The Sky is Still Not Falling

I just saw a BBC news article by a “technology writer”. No, I’m not including the link or the author’s name, because they don’t deserve the traffic. It was full of a bunch of misleading garbage, written by someone who is paid to be engaging, but who has a faulty grasp of the terms.

Reading the article and boiling it down to essentials, the author claims that we’re all too stupid to keep up with how the machinery works, and our lives are being taken over by “algorithms” that nobody understands.

BBC certainly isn’t the only Chicken Little culprit; I can’t count how many times I’ve seen so-called “news” stories about how impersonal “algorithms” are taking over our lives, and not enough people know how to make it work, and it’s controlling us without our knowing, and humanity is doomed to be slaves to the machines…

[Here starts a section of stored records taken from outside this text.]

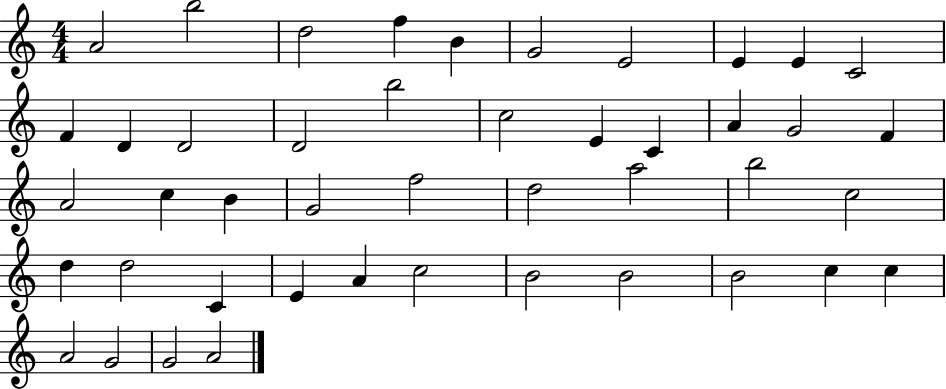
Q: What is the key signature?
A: C major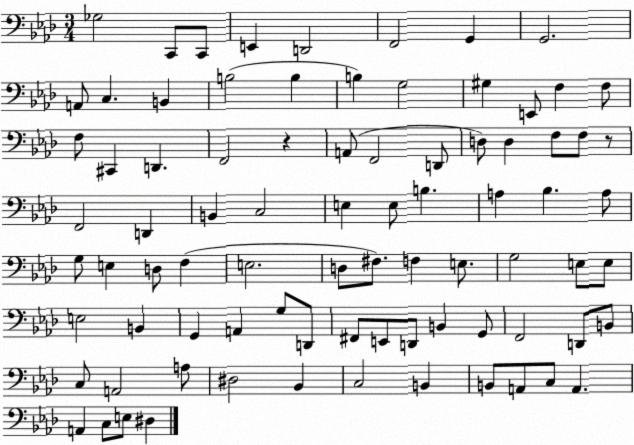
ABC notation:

X:1
T:Untitled
M:3/4
L:1/4
K:Ab
_G,2 C,,/2 C,,/2 E,, D,,2 F,,2 G,, G,,2 A,,/2 C, B,, B,2 B, B, G,2 ^G, E,,/2 F, F,/2 F,/2 ^C,, D,, F,,2 z A,,/2 F,,2 D,,/2 D,/2 D, F,/2 F,/2 z/2 F,,2 D,, B,, C,2 E, E,/2 B, A, _B, A,/2 G,/2 E, D,/2 F, E,2 D,/2 ^F,/2 F, E,/2 G,2 E,/2 E,/2 E,2 B,, G,, A,, G,/2 D,,/2 ^F,,/2 E,,/2 D,,/2 B,, G,,/2 F,,2 D,,/2 B,,/2 C,/2 A,,2 A,/2 ^D,2 _B,, C,2 B,, B,,/2 A,,/2 C,/2 A,, A,, C,/2 E,/2 ^D,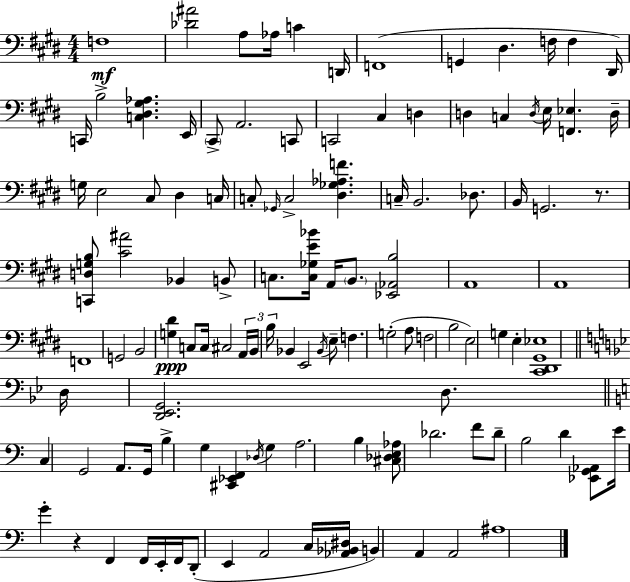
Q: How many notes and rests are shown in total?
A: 114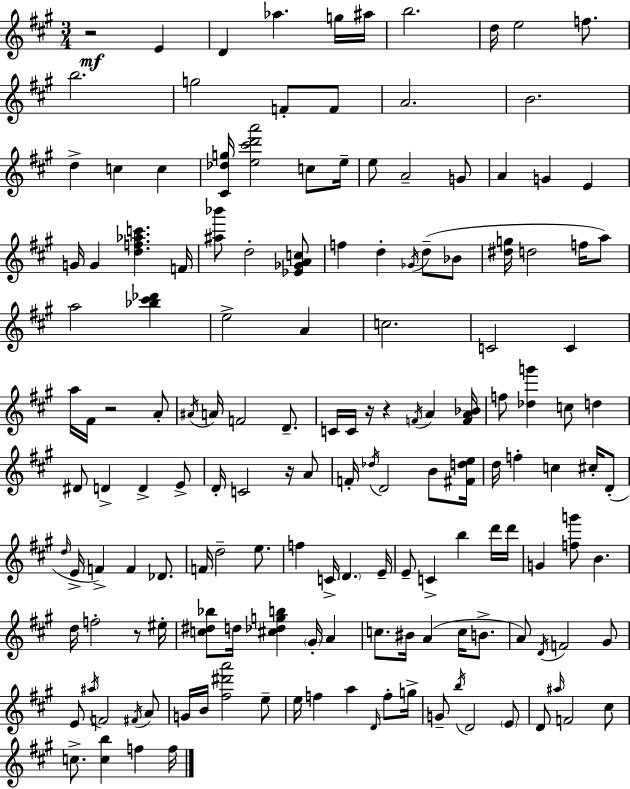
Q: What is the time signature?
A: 3/4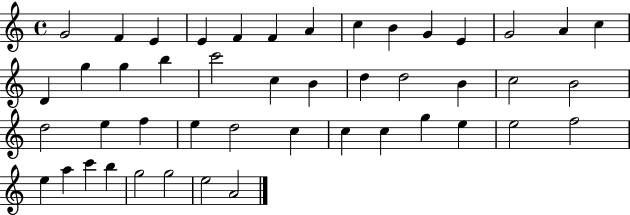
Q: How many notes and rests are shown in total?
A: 46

Words have meaning, doggone it. The dictionary defines the word algorithm as “a set of rules for solving a problem in a finite number of steps.”

Algorithms have nothing to do with computers, and have been the successful way to deal with all human-solvable problems and activities since we nailed down the scientific method.

Here’s the algorithm for getting bread in your house without making it yourself:

Go where bread is. Exchange something for bread or steal it. Take bread home.

So-called “technology writers” like this one are generally guilty of over-complicating the image of what the machinery is doing for us, simply because the more complex it looks, they smarter they can tell themselves they are.

There will always be a large percentage of the populace who doesn’t need to know how it works, doesn’t care, and will get upset if you try to tell them. There’s nothing wrong with that: you can ride the bus without needing to know how to build one.

As far as the changing language goes, if someone is intellectually lazy enough to refuse to learn what the words mean, they have no right to complain at not understanding the conversation. Carpenters who refuse to learn the word “saw” are going to make a pretty crappy cabinet when they can’t ask for (or buy) a saw. The newer words are not any harder; just different from the old ones, which is how language works. Shame on them for the lazy cry-babies they are.

I defy anyone to point to any time or place in all of recorded history where life was not better for those who had a better grasp of the words that correspond to the concepts that affected their lives.